Kennedy soon amassed twenty-odd more properties, including the Palace Building, and quit his full-time job before turning 30, which caught the eye of the press. In his office, he has an old Erie Times-News clipping. He's photographed mid-glimpse, gazing out of his office window at the nearby Baldwin Building.
"If I could do anything and know I wouldn't fail …" he says, smiling.
The Baldwins, Kennedy had discovered, planned to auction off the building and give the proceeds to charity. Although he had sunk his savings into the Palace Building, Kennedy headed to a local bank the day of the auction and obtained $25,000 on a line of credit to make him an eligible bidder. When he showed up, he was handed a placard with "2" on it.
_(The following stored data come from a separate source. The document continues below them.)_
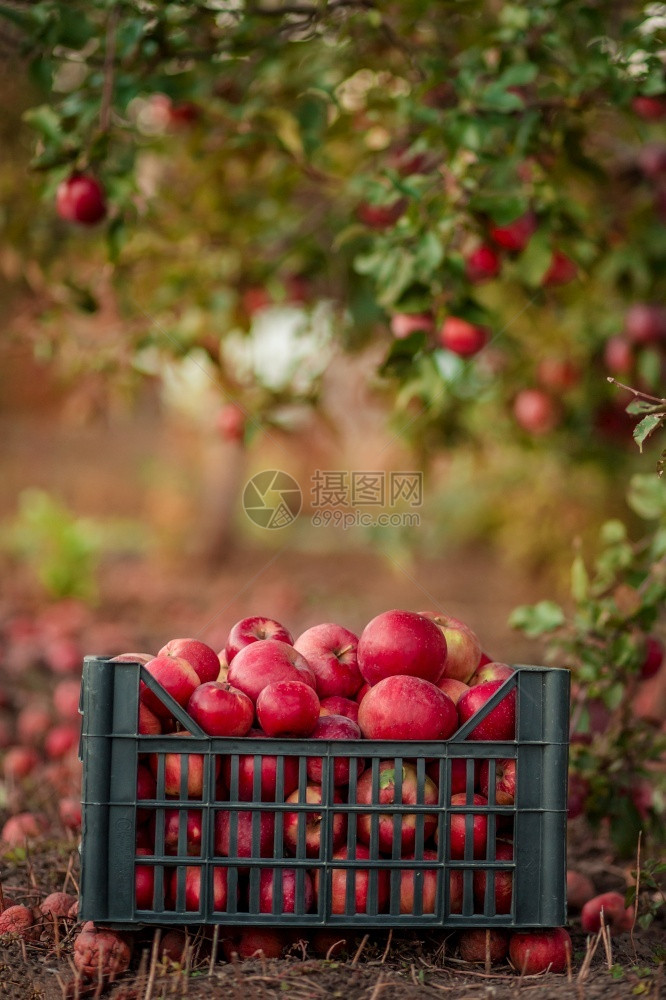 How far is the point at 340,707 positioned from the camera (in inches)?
59.5

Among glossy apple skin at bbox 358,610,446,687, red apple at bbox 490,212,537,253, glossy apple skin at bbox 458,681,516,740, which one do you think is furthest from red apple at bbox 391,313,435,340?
glossy apple skin at bbox 458,681,516,740

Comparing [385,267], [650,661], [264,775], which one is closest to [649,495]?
[650,661]

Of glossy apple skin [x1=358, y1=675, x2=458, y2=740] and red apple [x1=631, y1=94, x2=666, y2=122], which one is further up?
red apple [x1=631, y1=94, x2=666, y2=122]

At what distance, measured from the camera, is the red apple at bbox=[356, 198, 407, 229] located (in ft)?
9.18

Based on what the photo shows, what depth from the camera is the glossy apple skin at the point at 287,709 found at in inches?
53.8

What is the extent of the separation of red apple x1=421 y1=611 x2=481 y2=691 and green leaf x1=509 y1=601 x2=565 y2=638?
554 millimetres

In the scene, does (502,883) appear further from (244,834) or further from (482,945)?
(244,834)

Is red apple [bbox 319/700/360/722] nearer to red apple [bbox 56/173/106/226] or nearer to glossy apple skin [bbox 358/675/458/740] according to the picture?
glossy apple skin [bbox 358/675/458/740]

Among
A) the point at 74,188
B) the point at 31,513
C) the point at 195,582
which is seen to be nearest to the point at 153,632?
the point at 31,513

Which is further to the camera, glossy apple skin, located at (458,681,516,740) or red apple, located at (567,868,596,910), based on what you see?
red apple, located at (567,868,596,910)

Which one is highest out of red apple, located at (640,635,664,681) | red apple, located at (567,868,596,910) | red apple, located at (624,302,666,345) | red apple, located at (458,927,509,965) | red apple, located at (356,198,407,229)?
red apple, located at (356,198,407,229)

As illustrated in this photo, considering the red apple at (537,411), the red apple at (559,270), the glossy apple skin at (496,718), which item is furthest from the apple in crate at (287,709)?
the red apple at (537,411)

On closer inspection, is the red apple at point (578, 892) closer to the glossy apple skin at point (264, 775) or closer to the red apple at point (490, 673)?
the red apple at point (490, 673)

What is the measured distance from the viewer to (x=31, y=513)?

There wouldn't be a "3" or "4" or any other number but "1" – held by the Baldwins.
When the bidding opened at $300,000, Kennedy raised his hand. Then a bid of $310,000 – the Baldwins – came in. So Kennedy raised $315,000. That was the last number said at the auction.
After getting the closing period extended from thirty to ninety days, Kennedy scrambled to find the funding. It's not that he doubted his ability to purchase the building, or didn't realize he would need the money; it's that not having the money first hadn't scared him out of taking action. It was ready, fire, aim, and he hit his mark.
Since then, Kennedy's been busy. Almost too busy to stop and measure his success. "It's always on to the next project, on to the next thing that catches my eye," he explains.
In the mid-2000s, Kennedy secured the former Meadville Junior High School – equal in size to the Renaissance Centre – and converted it into apartments. Then he sent a message to the president of Cobblestone Hotels via LinkedIn. Kennedy now has seven hotels – including one planned for the Bayfront, one at Penn State Erie, The Behrend College, and one in Texas – underway.
"When we first met, I told them our plan was to have five hotels in five years," he says, explaining that Cobblestone officials said they hear that often but don't see it. "We're on our seventh project in year three."
Tom Kennedy, the engineer, the developer, the New Yorker, the not-that-Kennedy Kennedy, has never dreamed of returning to New York City. "Sometimes I get frustrated when people don't realize all of the things we have here," he says. "We have our challenges, sure, but we'll overcome them."
From the highest point in the tallest building in the city, he has a good vantage point.
"It's really beautiful, isn't it?" Kennedy says, gazing out a fourteenth floor window of the Renaissance Centre. It's unclear whether he means the Lake, the City, a nearby building, or something else he sees that others don't. What is clear is that he's still looking. And he's still seeing. And failure isn't on the horizon.